C’est pourquoi nous restons sceptiques sur les initiatives de l’État dans le financement d’entreprises créatrices des nouvelles technologies en France. Avec 1,5 milliard d’euros distribués par les agences publiques depuis 2013 pour soutenir quelques centaines de projets dans le numérique, ce qui constituait près de la moitié de l’investissement total de 3,7 milliards du numérique, le gouvernement crée encore une fois une illusion de reprise et une défense artificielle contre le chômage. À cela s’ajoutent 3,4 milliards d’euros qui vont être distribués au titre d’investissements d’avenir, notamment dans le secteur des nouvelles technologies.
Annexe
C’est d’autant plus étrange que tout le monde nous raconte que l’emploi est abondant dans le numérique.
L’emploi est forcément abondant dans les secteurs qui ne parviennent pas à recruter, soit parce que les conditions de travail sont difficiles, soit parce que les compétences sont rares. Ce qui est stupide c’est d’y voir un eldorado pour résorber le chômage – ce n’est pas parce que les emplois ne sont pas pourvus qu’on va caser un million de chômeurs !
Par ailleurs ce n’est pas par la formation (les compétences recherchées changent constamment), la subvention ou des agences pour l’emploi qu’on va résoudre le problème. En revanche on pourra remarquer que ces emplois sont pour la plupart liés au « service » et se demander si la notion de service n’est pas de plus en plus incompatible avec la législation sur le travail.
Quand on paye pour un service, c’est pour être totalement déchargé d’un problème, avoir un interlocuteur unique et pas pour être soi-même au service de « fonctionnaires » ou pire d’une mini-administration. Et la législation transforme tous les salariés en fonctionnaires et les entreprises de services en administration en imposant horaires, durée du travail, normes, paperasserie, moyens de transports, salaires, garantie de l’emploi, représentation des salariés …
Effectivement les réglementations tout comme les charges sont des obstacles artificiels et donc à réduire au maximum.

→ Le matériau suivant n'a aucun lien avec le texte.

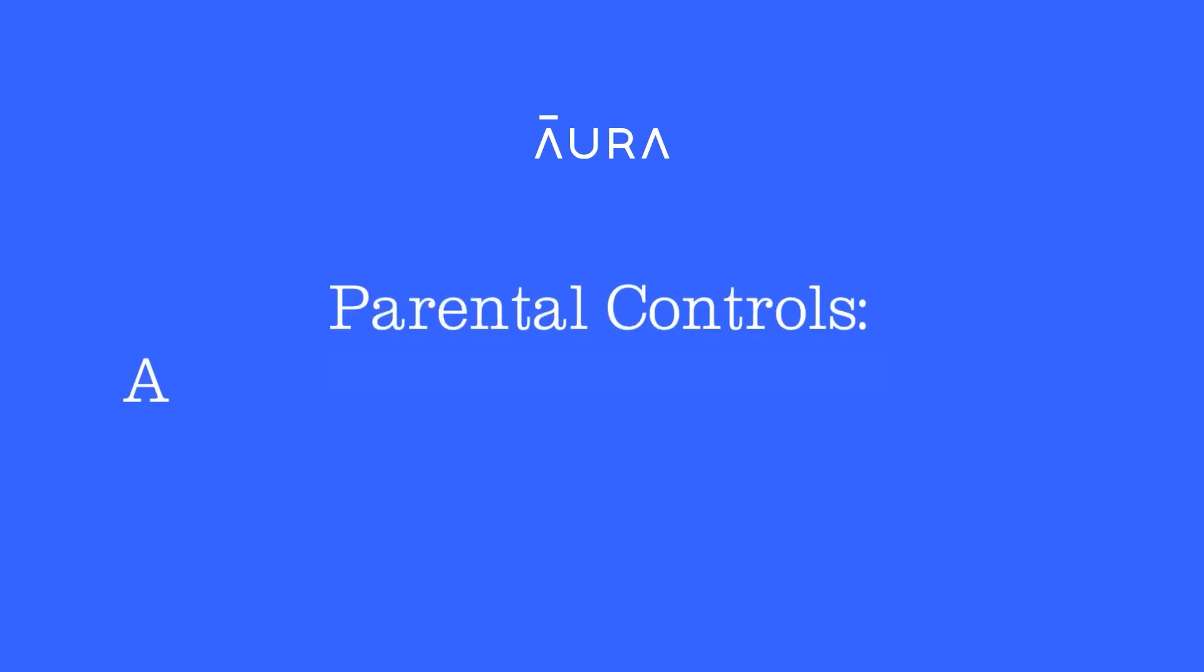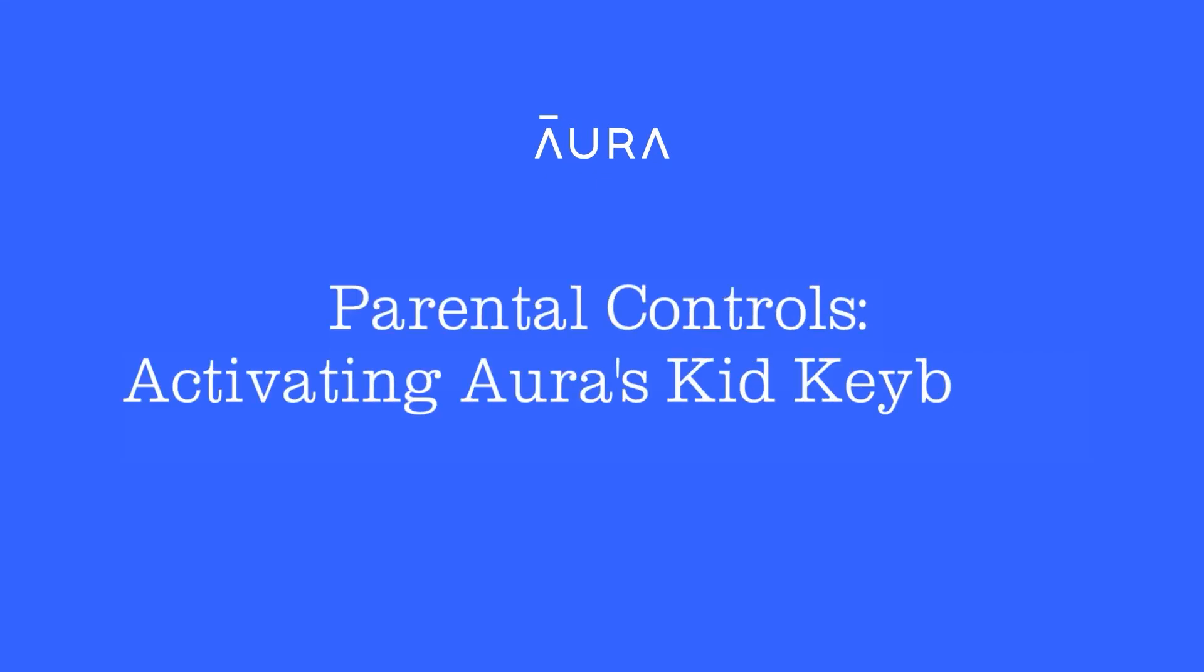In this video, we are going to walk through how to install Aura's new keyboard for parental controls on your child's iOS device.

Le secteur IT n’est pas comparable au reste de l’industrie : la productivité peut y être gigantesque : plusieurs millions de $ voir centaine de millions de $ par employé ou absolument ridicule, voire négative pour les startups en phase d’amorçage.
De plus l’influence sur l’emploi par l’usage des nouvelles technologies est largement plus important que la création des solutions numériques elles mêmes : robotisation, automatisation qui tendent à réduire les emplois – diversification, simplification des échanges qui tendent à en créer.